* **Your assignment**
Wherever "Collection" occurs in the entries, copy the line that holds it.

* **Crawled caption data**
____________________
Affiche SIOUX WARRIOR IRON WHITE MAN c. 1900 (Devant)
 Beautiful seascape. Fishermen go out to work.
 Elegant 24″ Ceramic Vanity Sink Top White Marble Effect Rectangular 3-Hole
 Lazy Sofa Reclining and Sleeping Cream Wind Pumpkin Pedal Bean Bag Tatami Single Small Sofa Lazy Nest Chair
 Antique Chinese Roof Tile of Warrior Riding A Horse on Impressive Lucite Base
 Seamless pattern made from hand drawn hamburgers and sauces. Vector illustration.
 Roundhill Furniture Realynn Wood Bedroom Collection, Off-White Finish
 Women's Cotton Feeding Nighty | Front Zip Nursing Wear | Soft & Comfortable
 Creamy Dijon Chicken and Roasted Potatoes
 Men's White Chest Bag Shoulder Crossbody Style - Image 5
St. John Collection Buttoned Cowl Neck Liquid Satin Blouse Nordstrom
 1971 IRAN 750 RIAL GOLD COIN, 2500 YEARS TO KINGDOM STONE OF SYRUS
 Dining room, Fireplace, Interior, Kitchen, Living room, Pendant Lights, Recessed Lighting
____________________
* **Task answer**
 Roundhill Furniture Realynn Wood Bedroom Collection, Off-White Finish
St. John Collection Buttoned Cowl Neck Liquid Satin Blouse Nordstrom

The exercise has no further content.